Kisah Siput dan Katak



Ada seekor siput yang selalu memandang sinis terhadap katak. Suatu hari, katak yang kehilangan kesabaran akhirnya menghampiri dan berkata kepada siput:
"Tuan siput, apakah saya telah melakukan kesalahan, sehingga Anda begitu membenci saya?" 

Siput menjawab:
"Kalian kaum katak mempunyai 4 kaki dan bisa melompat ke sana ke mari, 
Tapi saya mesti membawa cangkang yang berat ini dan merangkak di tanah, jadi saya merasa sangat sedih." 

Katak menjawab:
"Setiap kehidupan memiliki penderitaannya masing - masing, hanya saja kamu cuma melihat kegembiraan saya, tetapi kamu tidak melihat penderitaan kami (katak)." 

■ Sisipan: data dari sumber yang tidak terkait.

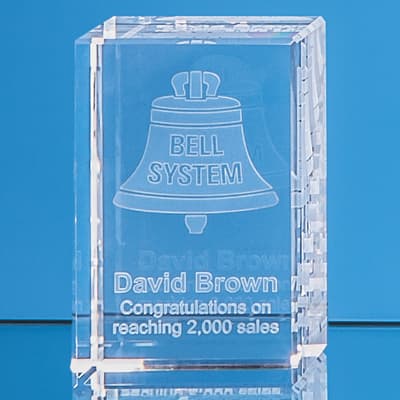 Promotional 8cm x 5cm x 5cm Optical Crystal Rectangle, H or V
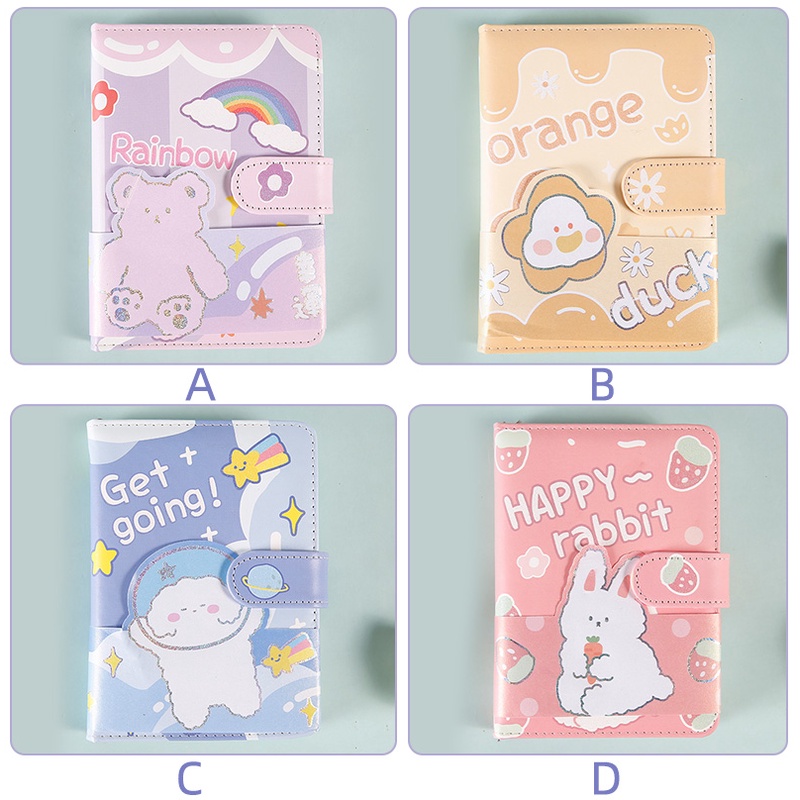 100 Lembar Buku Notebook / Catatan Cover Kulit Motif Kartun Lucu Kreatif Dengan Gesper Magnetik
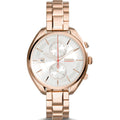 Fossil Land Racer Rose Gold Stainless Steel White Dial Chronograph Quartz Watch for Ladies - CH2977
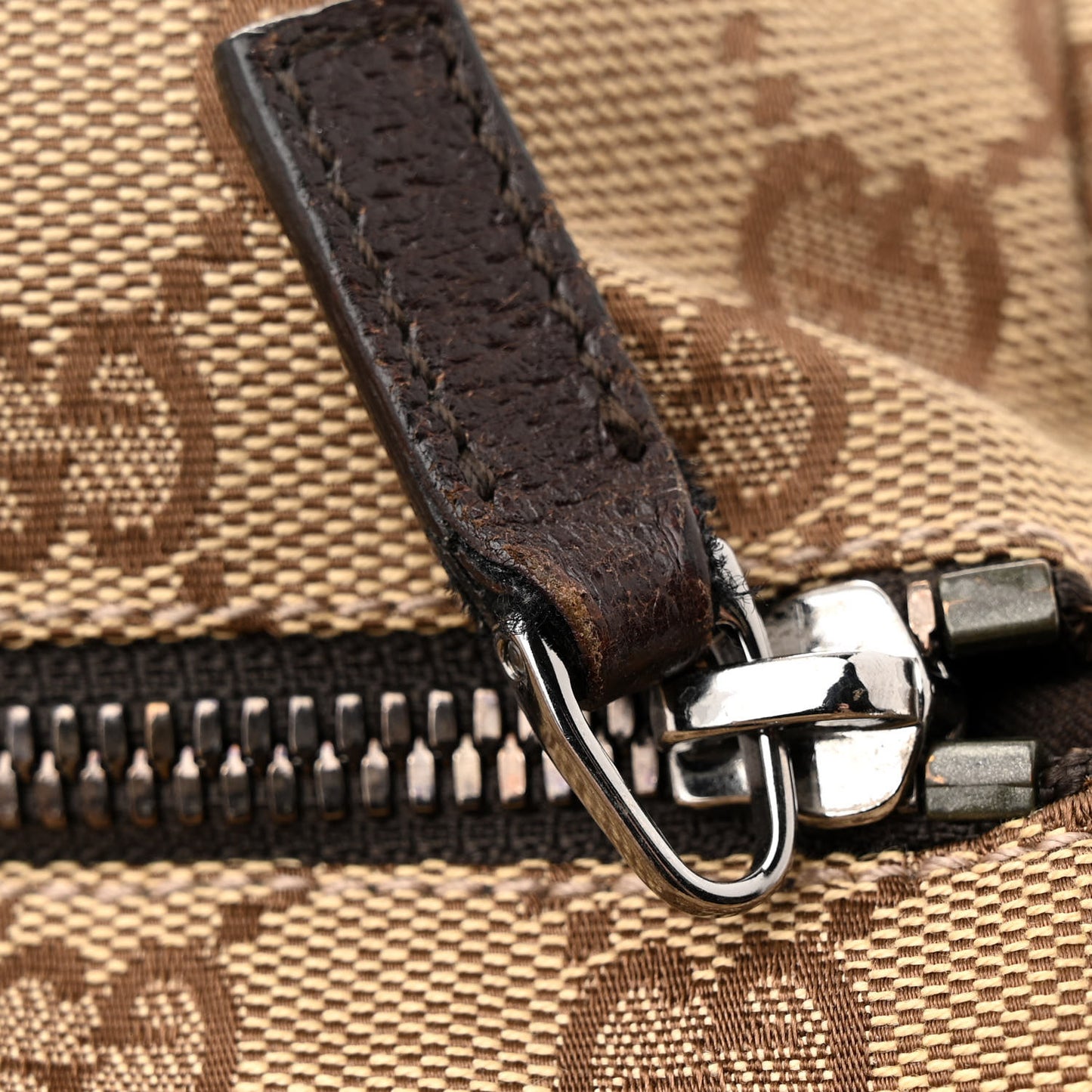 GG Monogram Double Pocket Belt Bag Dark Brown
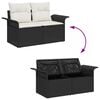 vidaXL Gartensofa-set mit Kissen 9 pcs Schwarz Poly Rattan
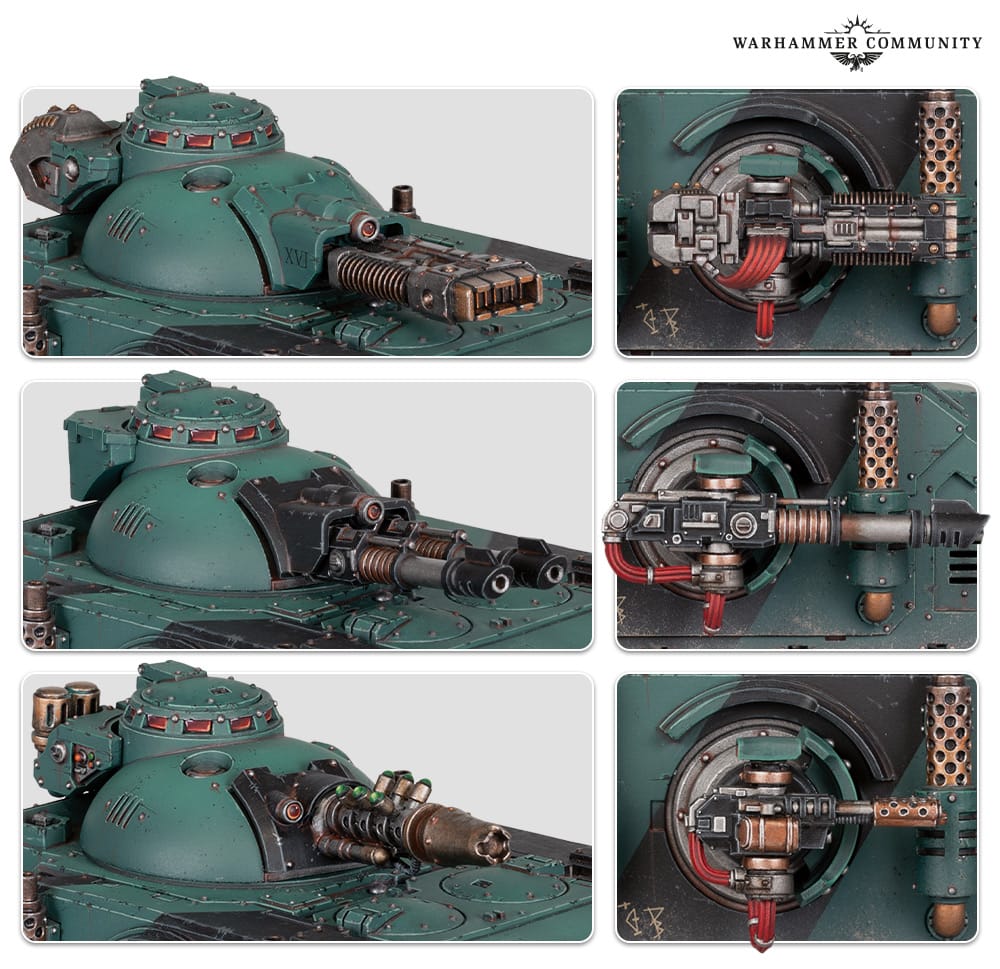An image showcasing the various weapon options for the Horus Heresy Plastic Predator Battle Tank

Dan seketika, ada seekor elang besar yang terbang ke arah mereka, siput dengan cepat memasukan tubuhnya ke dalam cangkang dan sedangkan katak dimangsa oleh si elang.

Siput terharu...
Akhirnya ia baru menyadari, ternyata cangkang yang di milikinya bukan merupakan suatu beban... tetapi adalah kelebihannya.

Nikmatilah kehidupanmu, tidak perlu membandingkan dengan orang lain. Keirian hati kita terhadap orang lain hanya akan membawa lebih banyak penderitaan.

Rezeki tidak selalu berupa emas, berlian atau uang yang banyak bukan pula saat kita di rumah mewah dan berpergian memakai mobil.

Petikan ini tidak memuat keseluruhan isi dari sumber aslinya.